Thursday, Oct. 30 (CBS)
Series Debut: A fat, loudmouthed, sports-obsessed Bah-ston family has a gay son—and, go for borderline homophobic comedy! Or borderline comedy, period. Even sadder than the continued use of The Laugh Track (yes, there's only one—all the shows share it) in 2014 is the abject laziness in the writing, staging and execution of The McCarthys: It's like a CBS programmer found a cheap '80s pilot in the closet, dusted it off and said "Here, just jam this into 8:30 so we can hit happy hour and blow some Big Bang money!" Unfortunately, it'll probably work (re: last season's The Millers).
Thursday, Oct. 30 (MTV)
Series Debut: Remember how proud MTV was of Buckwild, its southern-redneck answer to Jersey Shore—minus the intellectual discourse and hair products—and obligatory network Hicks R Durned Funny reality product? That is, until one of the stars turned up dead in a swamp at 21 last year and MTV "respectfully" canceled the show? The grieving period is over! Meet the Slednecks, a wacky group of half-naked/fully intoxicated Wasilla, Alaska, 20-somethings who like "polar bear plunges, airboating on ice, glacier parties, river wakeboarding, human catapulting" and, dare to dream, drunken brawls with Palins. Slednecks will likely be a hit—until one of the cast members meets with his/her "death by walrus misadventure" (it's a thing in Alaska, I hear).
One Starry Christmas
Saturday, Nov. 1 (Hallmark)
Movie: It's the first day of November, and here's a new Christmas original? Congratulations, Hallmark [slow clap]. Sarah Carter (you may know her from Falling Skies as Maggie, she of the impossibly-perfect post-apocalyptic blond hair) stars as an "aspiring astronomy professor and Christmas enthusiast"—wait, it gets better—who falls for a "charming cowboy" (Damon Runyan) who, coincidentally, also enjoys constellations, Christmas and wooing away the girlfriends of dumb ol' career men who insist on working over the holidays (Paul Popowich). Only 54 more days of this ...

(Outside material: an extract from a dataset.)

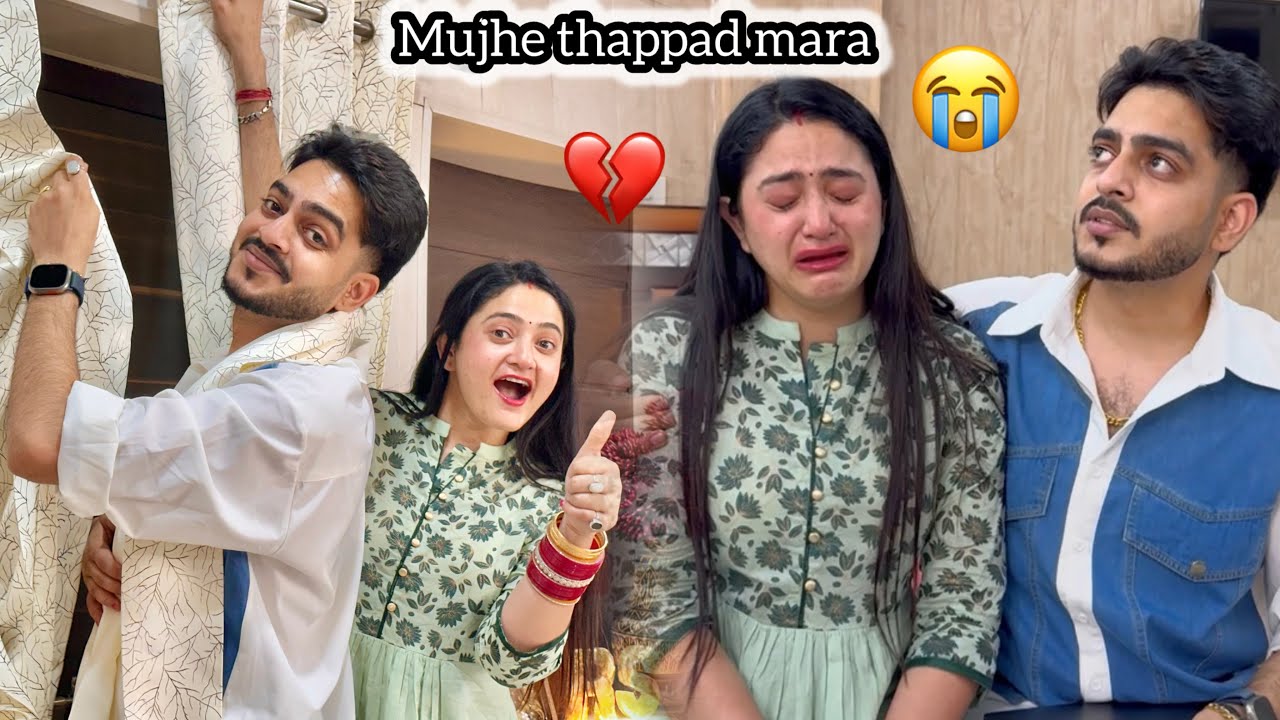 Mere Pati Ne Mujhe Thappad Kyu Mara😭 😡|| Vlog || Sibbu Giri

Marvel: 75 Years, From Pulp to Pop
Tuesday, Nov. 4 (ABC)
Special: It would have made more sense to schedule this Marvel Comics retrospective before a new episode of Agents of S.H.I.E.L.D. instead of expecting struggling sitcom Selfie (which you should be watching harder) to deliver a lead-in audience, but who am I to question the marketing genius of Marvel? "Leaking" that Avengers: Age of Ultron trailer last week was ridiculously brilliant, after all. Anyway: 75 Years, From Pulp to Pop squeezes a surprising amount of Marvel history into an hour, documenting the good times, the bad times, and the current Galactic Entertainment Domination times, though the genius of Howard the Duck (the '70s comic book, not the '80s movie) will never receive enough recognition to satisfy The Only TV Column That Matters™.

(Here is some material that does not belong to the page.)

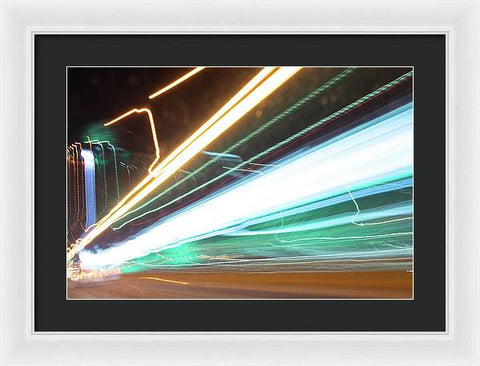 LightSpeed 3 - Framed Print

American Horror Story: Freak Show
New Season: Before watching the first two episodes of Freak Show (which arrived in the mail the day before the season premiere—you're usually so timely, FX, what happened?), I didn't think American Horror Story would ever top Season 1. Season 2 (Asylum) was a mess, Season 3 (Coven) was a slight improvement, but the original remains damned near perfect. Aside from the terrifying Stabby (actual name: Twisty) the Clown, the 1950s carnival-set Freak Show has been short on big scares thus far, but the atmosphere is rich and the cinematography is more gorgeous than anything currently in TV or film. If you tuned out of AHS, now is the time to catch up. It's worth the Stabby the Clown nightmares.